> What the exercise asks: Return, exactly, the line that contains "Gucci Ivory Dress Baby Gucci" together with all lines after it to the end of the entries, and no further lines.

(Crawled caption data)
....
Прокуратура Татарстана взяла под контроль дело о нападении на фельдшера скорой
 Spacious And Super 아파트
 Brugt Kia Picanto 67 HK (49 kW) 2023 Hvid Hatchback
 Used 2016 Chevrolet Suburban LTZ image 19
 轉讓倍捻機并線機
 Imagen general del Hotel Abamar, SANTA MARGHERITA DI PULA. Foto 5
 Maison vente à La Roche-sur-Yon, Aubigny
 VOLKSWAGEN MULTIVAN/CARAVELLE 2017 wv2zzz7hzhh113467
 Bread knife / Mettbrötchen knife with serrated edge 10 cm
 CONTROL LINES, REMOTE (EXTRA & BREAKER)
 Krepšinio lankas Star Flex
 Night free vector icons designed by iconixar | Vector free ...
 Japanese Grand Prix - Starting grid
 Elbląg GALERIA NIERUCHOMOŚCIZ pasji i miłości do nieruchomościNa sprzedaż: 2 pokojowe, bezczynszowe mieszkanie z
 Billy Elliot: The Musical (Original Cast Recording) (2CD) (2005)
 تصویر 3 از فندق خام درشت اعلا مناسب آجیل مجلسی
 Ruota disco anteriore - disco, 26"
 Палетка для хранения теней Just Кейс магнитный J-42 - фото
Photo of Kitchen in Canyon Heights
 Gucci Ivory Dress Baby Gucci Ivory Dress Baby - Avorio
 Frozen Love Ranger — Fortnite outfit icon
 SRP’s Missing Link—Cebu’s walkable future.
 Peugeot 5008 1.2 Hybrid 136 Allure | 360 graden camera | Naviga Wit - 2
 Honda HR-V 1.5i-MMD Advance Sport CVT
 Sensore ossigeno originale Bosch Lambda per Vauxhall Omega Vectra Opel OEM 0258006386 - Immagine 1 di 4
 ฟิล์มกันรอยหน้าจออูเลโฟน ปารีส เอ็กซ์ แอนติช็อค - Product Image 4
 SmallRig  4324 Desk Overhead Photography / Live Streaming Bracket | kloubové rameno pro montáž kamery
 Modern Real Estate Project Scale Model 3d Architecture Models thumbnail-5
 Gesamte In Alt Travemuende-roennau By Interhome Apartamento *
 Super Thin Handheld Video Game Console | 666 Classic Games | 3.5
....
> Final answer:
 Gucci Ivory Dress Baby Gucci Ivory Dress Baby - Avorio
 Frozen Love Ranger — Fortnite outfit icon
 SRP’s Missing Link—Cebu’s walkable future.
 Peugeot 5008 1.2 Hybrid 136 Allure | 360 graden camera | Naviga Wit - 2
 Honda HR-V 1.5i-MMD Advance Sport CVT
 Sensore ossigeno originale Bosch Lambda per Vauxhall Omega Vectra Opel OEM 0258006386 - Immagine 1 di 4
 ฟิล์มกันรอยหน้าจออูเลโฟน ปารีส เอ็กซ์ แอนติช็อค - Product Image 4
 SmallRig  4324 Desk Overhead Photography / Live Streaming Bracket | kloubové rameno pro montáž kamery
 Modern Real Estate Project Scale Model 3d Architecture Models thumbnail-5
 Gesamte In Alt Travemuende-roennau By Interhome Apartamento *
 Super Thin Handheld Video Game Console | 666 Classic Games | 3.5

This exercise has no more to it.